Ne deriva anche che il sistema tenderà a un incremento del reddito generale tanto maggiore quanto più il reddito stesso risulta equamente distribuito tra i soggetti economici; perché se è verosimile, per esempio, che un soggetto che ha un reddito annuo di 20.000 euro possa spenderne gran parte per consumi nell’arco dell’anno, ciò risulta alquanto più difficile per soggetti dal reddito molto elevato (per esempio 200.000 euro l’anno), i quali tenderanno invece a risparmiare almeno in parte, tesaurizzando e non contribuendo all’aumento del reddito complessivo.

In base a quanto detto, risulta evidente l’effetto positivo di aumenti diffusi del reddito, che possano derivare da investimenti che vedono operare una miriade di soggetti economici (produttori-consumatori, come nel caso degli interventi agevolati dal SuperBonus 110%), piuttosto che da progetti faraonici ad alta intensità di capitali e basso livello occupazionale (le cattedrali nel deserto della politica meridionalista del secolo scorso ne sono un esempio).

Quale misuratore del reddito generale (Y) a livello nazionale, viene generalmente assunto il Prodotto Interno Lordo (PIL), inteso come il valore (complessivo e senza duplicazioni: se si computano le automobili prodotte, occorre scorporare i materiali usati se già conteggiati separatamente) dei beni e servizi prodotti all’interno di un paese, indipendentemente dalla nazionalità di chi li produce (tra i principali ideatori del concetto di PIL, lo statunitense Simon Kutznets, premio Nobel per l’Economia nel 1971).

Tuttavia, l’assunzione di tale indicatore presenta numerose carenze.
Innanzitutto, il livello del PIL nulla dice circa la distribuzione di tale reddito tra i soggetti economici del sistema e, dunque, sui possibili effetti positivi in termini di consumi, in base all’equazione di Keynes sopra esaminata, di capacità di spesa e di qualità della vita dei cittadini di un determinato paese.
Inoltre, gli investimenti stessi conseguono un effetto positivo se hanno un carattere produttivo, mentre nel PIL entrano indiscriminatamente anche spese per armi e per operazioni militari che non hanno nulla di positivo, pur essendo talvolta necessarie per fini difensivi.
A tal proposito, lo stesso Robert Kennedy osservava che contribuiva a incrementare il PIL anche la produzione nazionale di napalm e di missili, oltre che l’abbattimento di sequoie e l’inquinamento dell’aria (discorso tenuto all’Università del Kansas nel 1968).
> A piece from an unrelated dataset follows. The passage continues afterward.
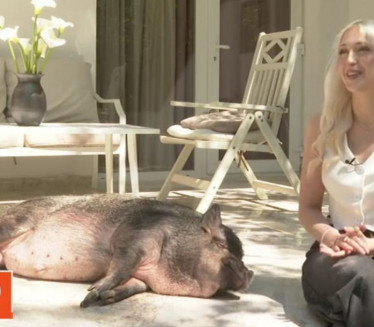 PRASE GILE ŽIVI KAO CAR: Skupoceni parfem i mleko za telo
Proprio sulla base di queste osservazioni, oltre che dalla inadeguatezza dei modelli economici attuali, che non hanno saputo prevedere e non riescono a rimediare all’attuale profonda crisi, da qualche decennio alcuni economisti, giornalisti ed esperti di vari settori connessi con l’analisi delle risorse disponibili e in rapida via di esaurimento, hanno cercato di definire indicatori economici che tengano conto di una serie di aspetti di seguito elencati:
  • la qualità dei beni prodotti e il loro utilizzo “positivo”;
  • la propensione all’innovazione;
  • la sostenibilità ambientale della produzione;
  • la diffusione omogenea di beni e servizi di base;
  • la riduzione degli sprechi, riassunta nel concetto, solo apparentemente paradossale, di “decrescita felice”.
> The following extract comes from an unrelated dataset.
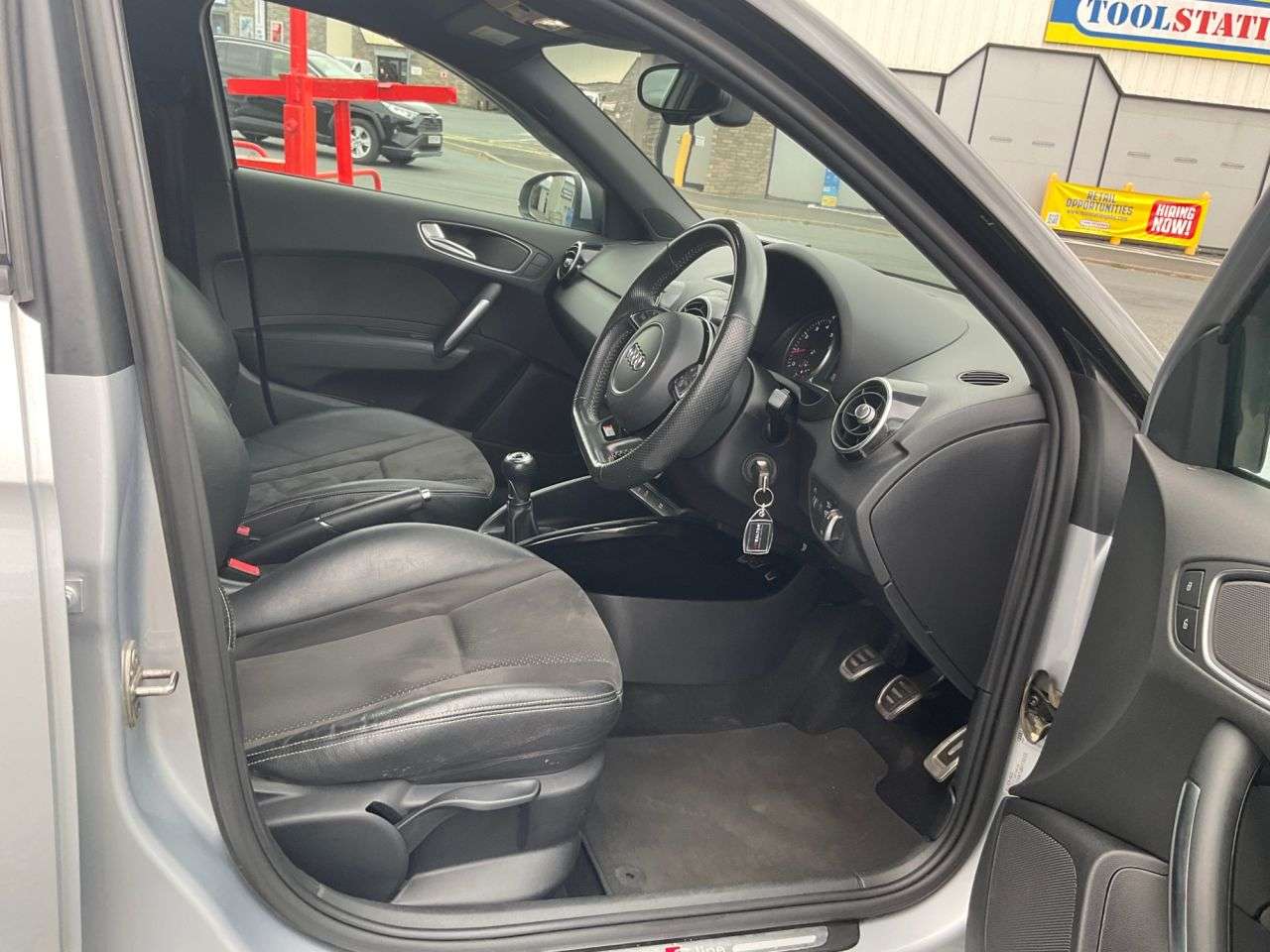 2017 AUDI A1 2017 AUDI A1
Quelli sopra elencati sono anche alcuni dei criteri di base che dovrebbero guidare le società occidentali a gestire l’attuale fase di transizione (talvolta indicata anche come Transizione ecologica, per la necessaria attenzione all'ambiente che comporta) da un sistema palesemente in crisi profonda, verso una società che ponga al centro l’obiettivo della qualità della vita, piuttosto che del semplice arricchimento personale.
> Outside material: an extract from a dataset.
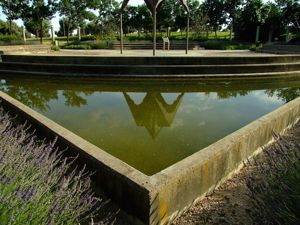 Jardn de las Tres Culturas, Estanque Cristiano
Ritengo che le misure adottate in tal senso dal Governo italiano, delle quali si è detto all’inizio, dimostrino a oggi l’efficacia di un tale modello (o paradigma) di politica economica, con rilevamenti attuali e prospettive nell’immediato futuro di un aumento del PIL superiore al 4% annuo (sia pure con tutti i limiti interpretativi che tale parametro economico possiede, come sopra chiarito).